Task instructions » From the data below, return the exact lines starting at the line containing "Commerce à FRIVILLE-ESCARBOTIN" and ending at the line containing "Di dong noi", both included, and nothing else.

Task material »
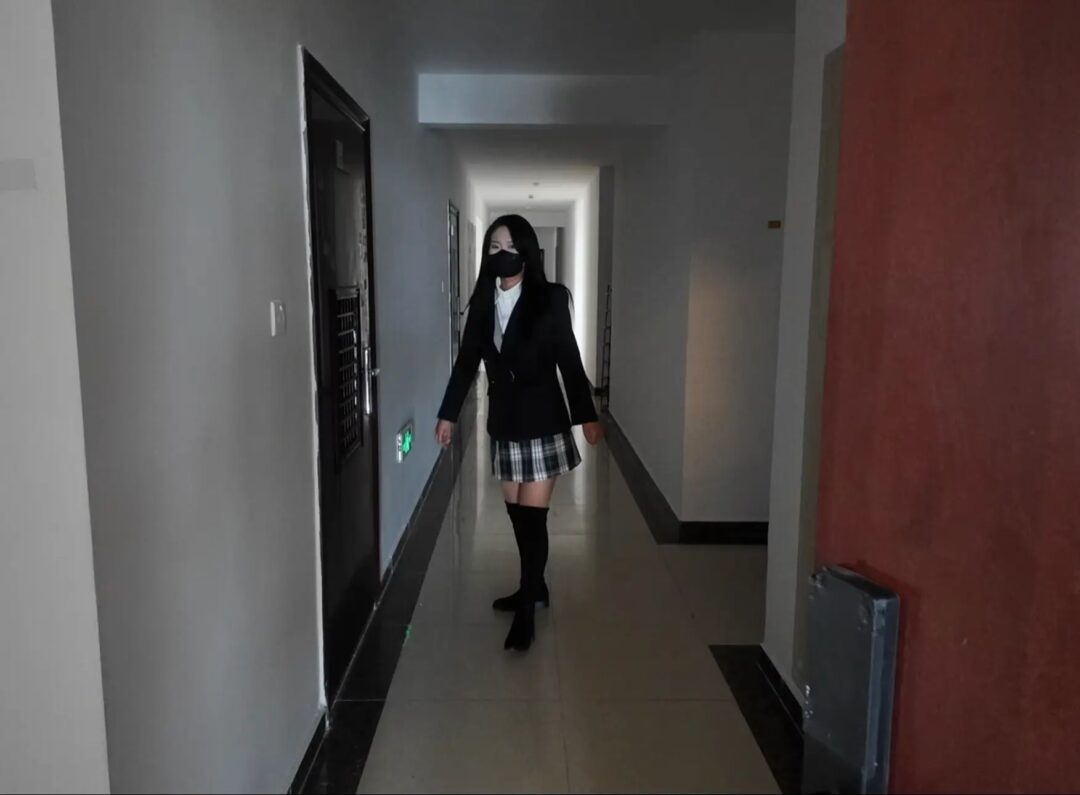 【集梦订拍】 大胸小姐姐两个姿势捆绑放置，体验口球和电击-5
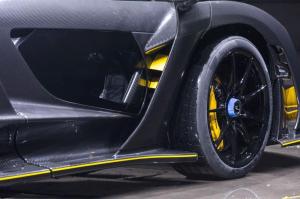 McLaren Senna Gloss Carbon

==

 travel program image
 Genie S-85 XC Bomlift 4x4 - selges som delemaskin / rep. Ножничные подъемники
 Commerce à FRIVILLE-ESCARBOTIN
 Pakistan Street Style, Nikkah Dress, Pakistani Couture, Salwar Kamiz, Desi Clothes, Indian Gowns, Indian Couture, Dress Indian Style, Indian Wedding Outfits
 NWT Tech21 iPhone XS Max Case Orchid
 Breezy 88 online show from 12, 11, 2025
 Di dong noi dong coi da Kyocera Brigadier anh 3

---

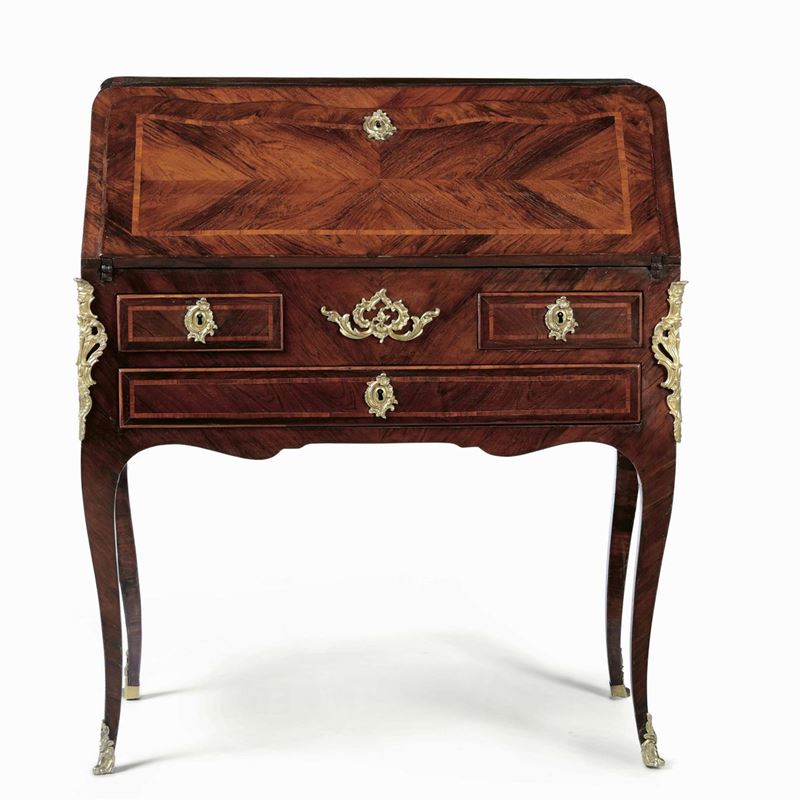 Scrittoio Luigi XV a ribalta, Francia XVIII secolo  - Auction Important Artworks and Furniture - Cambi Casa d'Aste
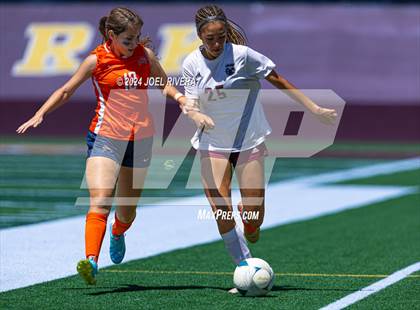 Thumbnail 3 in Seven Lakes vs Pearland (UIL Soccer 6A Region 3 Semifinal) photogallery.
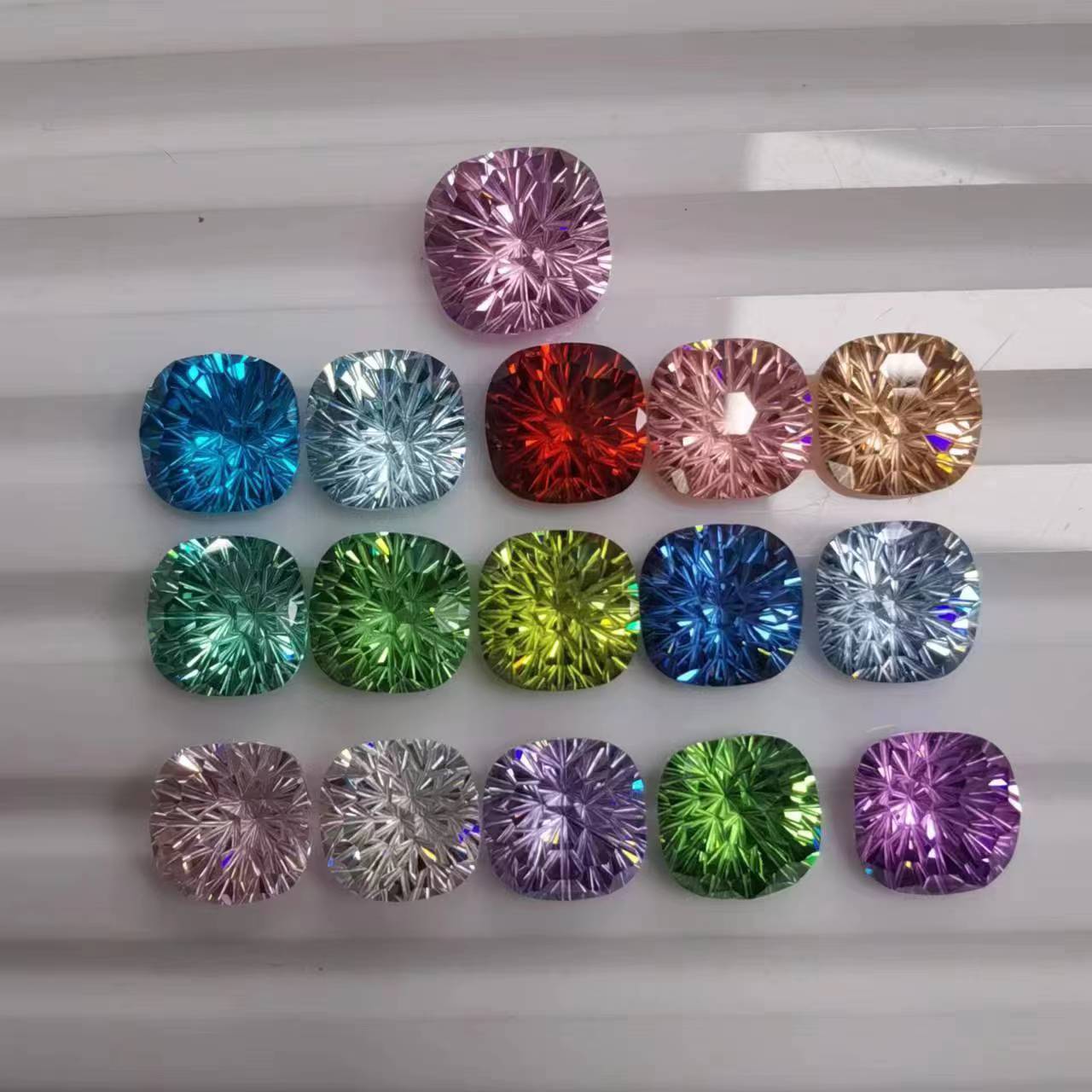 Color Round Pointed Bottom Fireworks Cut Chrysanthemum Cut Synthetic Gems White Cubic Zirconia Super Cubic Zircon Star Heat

Answer to this exercise »
 Commerce à FRIVILLE-ESCARBOTIN
 Pakistan Street Style, Nikkah Dress, Pakistani Couture, Salwar Kamiz, Desi Clothes, Indian Gowns, Indian Couture, Dress Indian Style, Indian Wedding Outfits
 NWT Tech21 iPhone XS Max Case Orchid
 Breezy 88 online show from 12, 11, 2025
 Di dong noi dong coi da Kyocera Brigadier anh 3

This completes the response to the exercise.